January 17, 2021
Hot Topics:

Introduction to SALT (Part 3): Applying SALT

  • By Hitesh Seth
  • Send Email »
  • More Articles »

The speech recognition component (popularly referred to as Advanced Speech Recognition (ASR)) is focused on recognizing spoken user utterances and matching them to a list of possible interpretations using a specified grammar. The speech synthesis component (popularly referred to as Text to Speech (TTS)) is focused on dynamically converting text messages into voice output.

The telephony integration component is focused on connecting the speech platform with the world of telephones--the Public Switched Telephony Network (PSTN).

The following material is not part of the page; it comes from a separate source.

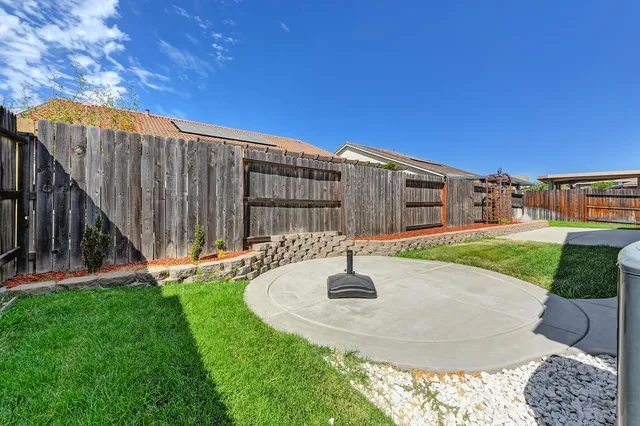 $749,000 | 7032 Castle Rock Way, Roseville, CA 95747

This is typically achieved using telephony cards from vendors such as Intel/Dialogic connected via analog/digital telephony lines with your telephony provider (i.e. your phone company).

When multimodality is used, the regular web application delivery framework (based on TCP/IP/HTTP/HTML/JavaScript etc.) is used for delivering the web application. The speech/telephony platform is used for the "speech/voice" aspect of the whole interaction, depending on the nature of the connection and the location of the speech recognition/synthesis components. Of course, both of these interactions can happen together seamlessly, as part of the same user session, depending on the users choice.

.NET Speech SDK

You might be wondering where .NET Speech SDK fits in? The current preview which is available from Microsoft's site has really two components: (a) an add-in for Microsoft Internet Explorer which recognizes SALT tags and allows the user to interact with the application using the desktop's microphone and speakers/headphones and (b) a set of ASP.NET based Speech controls which allow developers using Microsoft Visual Studio .NET to create multimodal/telephony applications and/or add speech interactivity to existing web applications developed using Microsoft .NET and ASP.NET framework.

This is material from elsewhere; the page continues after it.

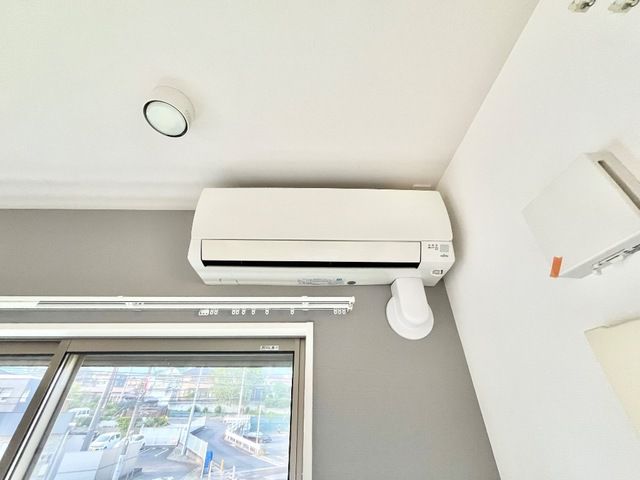 ラークヒル その他6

I would like to point out that it is quite possible that a SALT-based application could be delivered using a non-ASP.NET web application framework (e.g. Perl or Java Server Pages). What the .NET Speech SDK provides is really the ease of development in adding speech to your existing web applications or creating new applications.

To be Continued

We will continue our exploration of SALT in the next article. We will actually start developing a SALT-based multimodal and telephony application using Microsoft .NET Speech SDK, an extension to Microsoft Visual Studio .NET that is focused around building dynamic speech applications that are based on the SALT specification. You might want to get prepared by ordering the .NET Speech SDK Beta from the Microsoft site (a link is provided below).


About Hitesh Seth

A freelance author and known speaker, Hitesh is a columnist on VoiceXML technology in XML Journal and regularly writes for other technology publications on emerging technology topics such as J2EE, Microsoft .NET, XML, Wireless Computing, Speech Applications, Web Services & Enterprise/B2B Integration. He is the conference chair for VoiceXML Planet Conference & Expo. Hitesh received his Bachelors Degree from the Indian Institute of Technology Kanpur (IITK), India. Feel free to email any comments or suggestions about the articles featured in this column at hks@hiteshseth.com.

Page 2 of 2

This article was originally published on November 7, 2002

Enterprise Development Update

Don't miss an article. Subscribe to our newsletter below.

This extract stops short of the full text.